Myelinolysis: A Complication of Correcting Hyponatremia

Abstract & Commentary

Source: Laureno R, Karp BI. Myelinolysis after correction of hyponatremia. Ann Intern Med 1997;126:57-62.

Laureno and karp have critically examined and synthesized the literature on myelinolysis, also known as central pontine myelinolysis, as a complication of the treatment of hyponatremia. Included in their review are animal studies and case series dating back 25 years. They prefer to call the disease myelinolysis because the pathologic process can affect extrapontine brain areas. The vast majority of cases of myelinolysis have occurred in association with correction of hyponatremia. The emergency physician should be aware of this complication and its manifestations.

Myelinolysis is to be distinguished from the demyelination of multiple sclerosis and related inflammatory processes. It is a symmetric process that frequently affects the midline of the basis pontis. Extrapontine involvement is also symmetrical and can affect the thalamus, cerebellum, subcortical white matter, midbrain, and medulla. Symptoms depend on the location of the pathologic process. Typically, the initial symptoms are mutism and dysarthria. Lethargy and other affective changes are common. Spastic quadriparesis and pseudobulbar palsy occur in more than 90% of patients.

The duration of hyponatremia (> 48 hours) and the rapidity of correction are directly related to the possibility of this complication. Animal data conclusively show that it is not the hyponatremia that initiates myelinolysis; it is the flux of solutes and fluid associated with the correction of hyponatremia that causes the pathologic changes approximately 24-48 hours after normalization of the serum sodium. Animal and human data show that treatment of hyponatremia with hypertonic saline has a higher association with this complication. It appears that when the rise in serum sodium is greater than 10-14 mmol/L per 24 hours, the incidence of myelinolysis is significantly increased.

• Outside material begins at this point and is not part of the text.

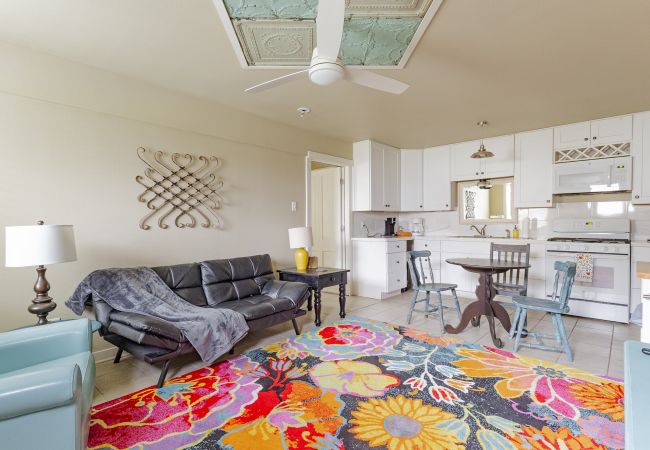 House in Seguin - Elm Street Cottage House in Seguin - Elm Street Cottage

In humans, the encephalopathy of hyponatremia improves with the elevation of the serum sodium. When myelinolysis ensues, this temporary improvement in neurologic function and mental status yields to the signs and symptoms described above. This biphasic presentation is not uniformly present, and the encephalopathy of hyponatremia may overlap with the encephalopathy of myelinolysis, making diagnosis more challenging. CT and MRI scans show characteristic changes, while those studies are normal in the encephalopathy of hyponatremia. Treatment is supportive. Steroids are of no benefit. Animal studies show that lowering serum sodium may be effective, but it is not yet recommended in humans.

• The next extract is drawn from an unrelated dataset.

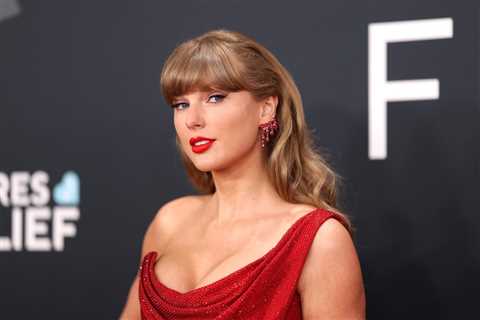Taylor Swift Dishes On Which Musician Friend She’s Sure Will Want to Perform at Her Wedding: ‘It..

This article highlights some points that are particularly pertinent to emergency physicians, who are occasionally called upon to initiate treatment for symptomatic hyponatremia. Hyponatremia itself can cause malaise, head aches, lethargy, confusion, seizures, coma, and death. Especially when hyponatremia develops precipitously, coma and seizures can occur. Infusion of hypertonic (typically 3%) saline is recommended. Hyponatremia that develops more slowly does not cause emergent, life-threatening complications, and it can be corrected gradually without hypertonic saline.1

With the advent of extended care/observation units and the frequency with which patients "board" in the ED when hospital beds are unavailable, emergency physicians may be called upon to not only initiate treatment for symptomatic hyponatremia, but also to monitor and adjust this treatment over a prolonged time period. It is important that we follow the recommendation that sodium be replaced slowly—a less than 10 mmol/L rise in serum sodium per 24-hour period. Profoundly low levels of serum sodium that develop gradually, which do not cause immediate life-threatening problems, should be corrected slowly without hypertonic saline. As the old adage says, treat the patient, not the lab test. When emergent use of hypertonic saline is indicated, it should be infused cautiously and discontinued once the life-threatening complications have been corrected.

In today’s health care environment, it is not inconceivable that a patient could be quickly discharged from the hospital after apparently successful correction of hyponatremia, only to "bounce back" to the ED with the typical biphasic encephalopathic presentation of myelinolysis 2-3 days later. Despite the absence of a specific treatment for this complication, it is important to identify it, provide supportive treatment, and resist the temptation to empirically treat the presenting signs and symptoms as a reoccurrence of hyponatremia.


1. Wijdicks EF, Larson TS. Absence of postoperative hyponatremia syndrome in young, healthy females. Ann Neurol 1994;35:626-628.